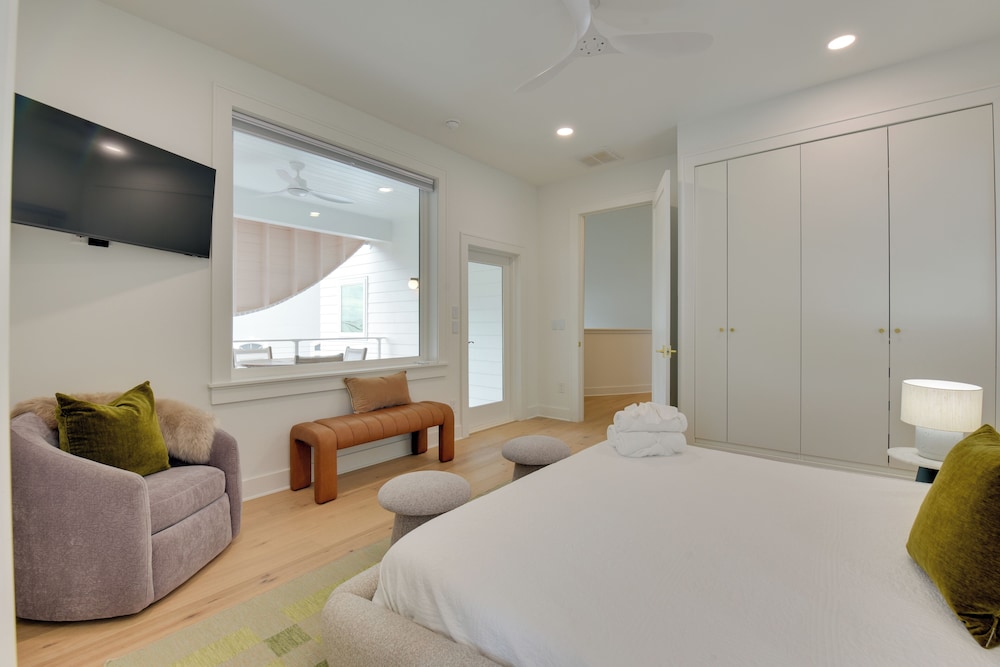 Stroll to Shore, Modern Santa Rosa Beach Duplex!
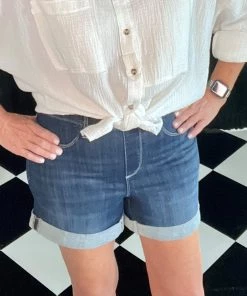 BOTTOMS Judy Blue Dark Wash Shorts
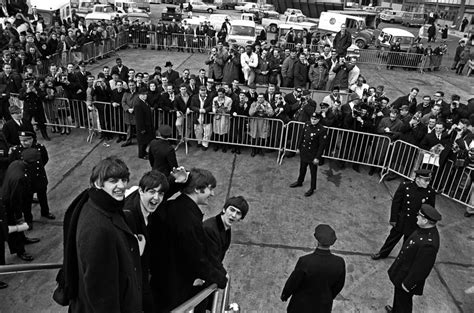 The Beatles Arriving In New York 1964 [9522x6300] Historyporn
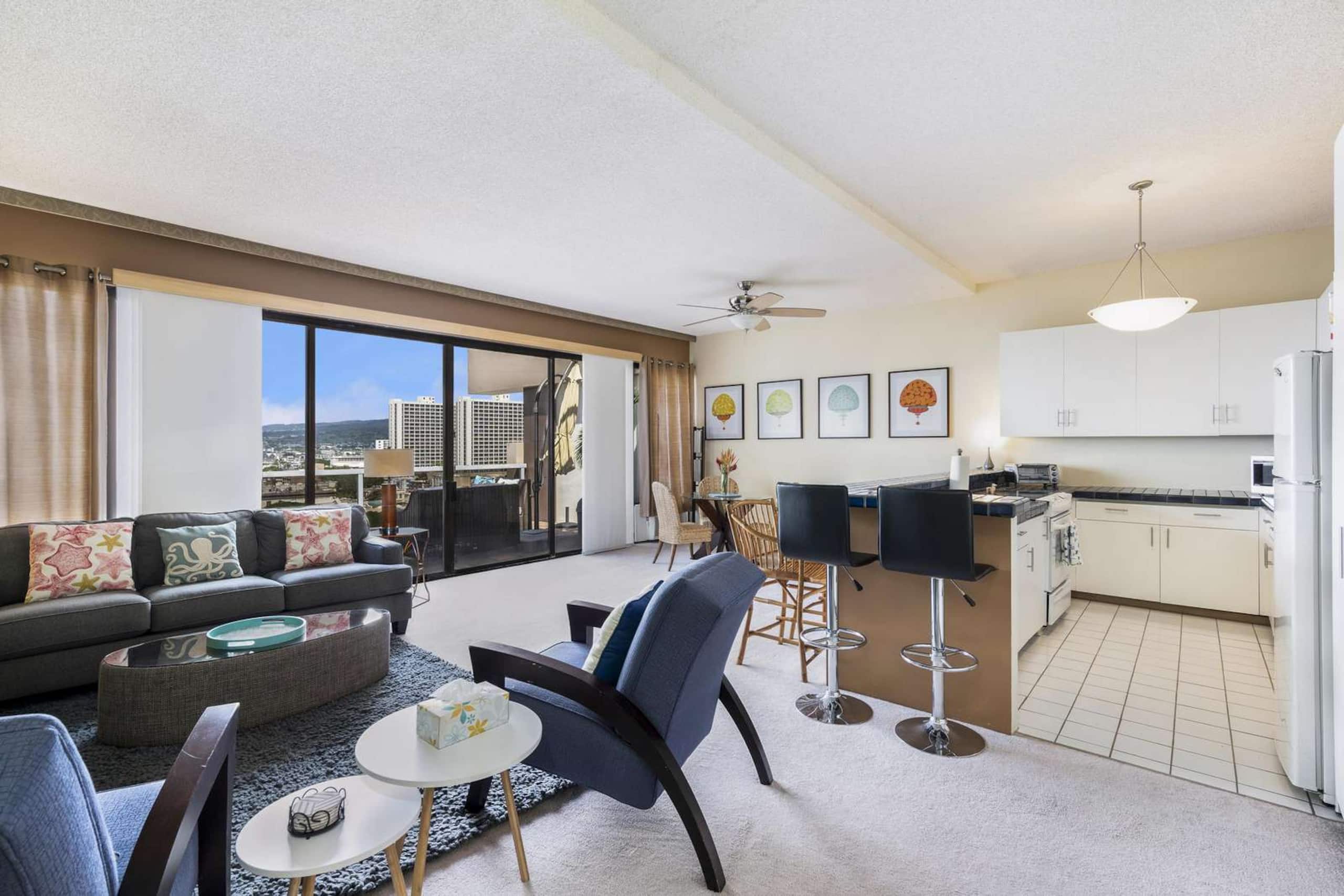 Condo in Honolulu · ★4.89 · 1 bedroom · 1 bed · 1.5 private baths - Image 10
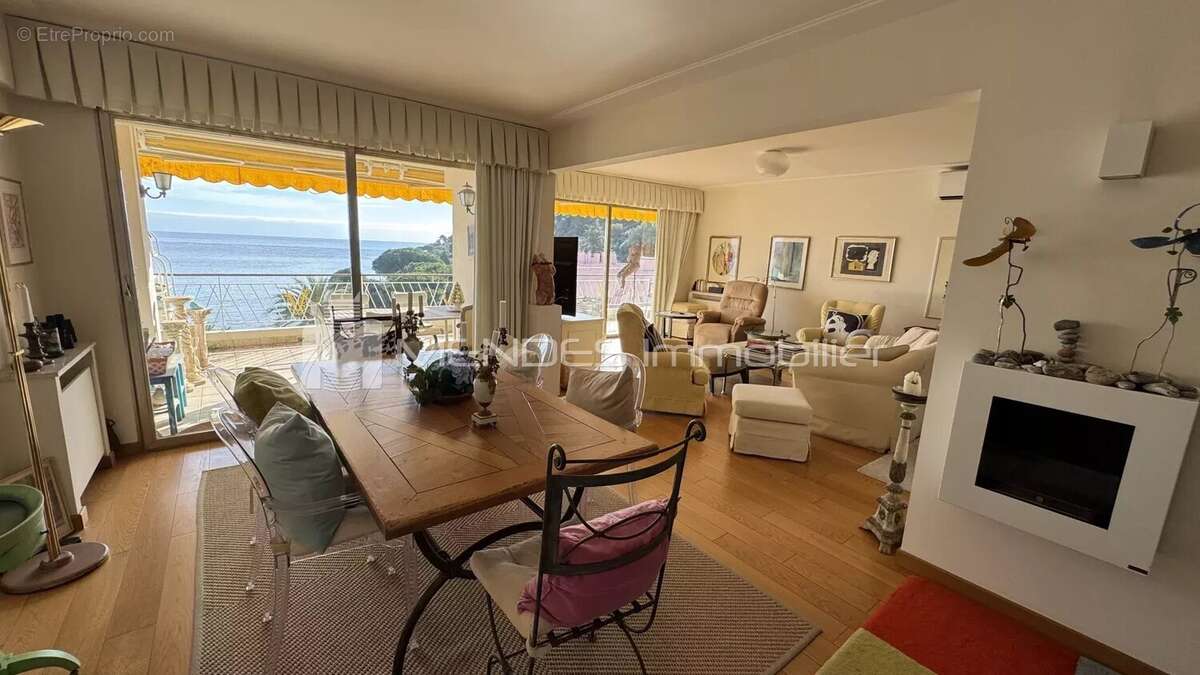 Appartement à ROQUEBRUNE-CAP-MARTIN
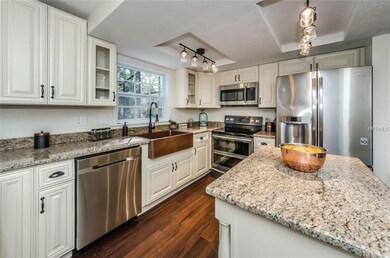 GORGEOUS ALL WOOD SOFT CLOSE CABINETS & VENETIAN G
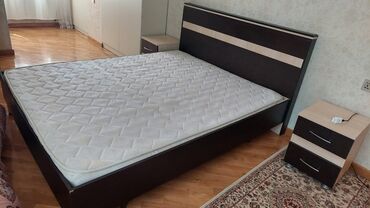 Çarpayılar: Taxt satılır 170azn.Naxçıvanski hərbi məktəbə yaxın.
Zəhra🌷3114 v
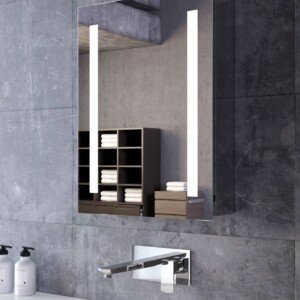 dangrita-skaidrus-keturkampis-vonios-kambarys-gamyba-montavimas-led-veidrodis-vonios-kambarys-priekinis-apsvietimas-20240124-240099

########################################

Leaving the images behind, set down every entry word for word.

 Stroll to Shore, Modern Santa Rosa Beach Duplex!
 BOTTOMS Judy Blue Dark Wash Shorts
 The Beatles Arriving In New York 1964 [9522x6300] Historyporn
 Condo in Honolulu · ★4.89 · 1 bedroom · 1 bed · 1.5 private baths - Image 10
 Appartement à ROQUEBRUNE-CAP-MARTIN
 GORGEOUS ALL WOOD SOFT CLOSE CABINETS & VENETIAN G
 Çarpayılar: Taxt satılır 170azn.Naxçıvanski hərbi məktəbə yaxın.
Zəhra🌷3114 v
 dangrita-skaidrus-keturkampis-vonios-kambarys-gamyba-montavimas-led-veidrodis-vonios-kambarys-priekinis-apsvietimas-20240124-240099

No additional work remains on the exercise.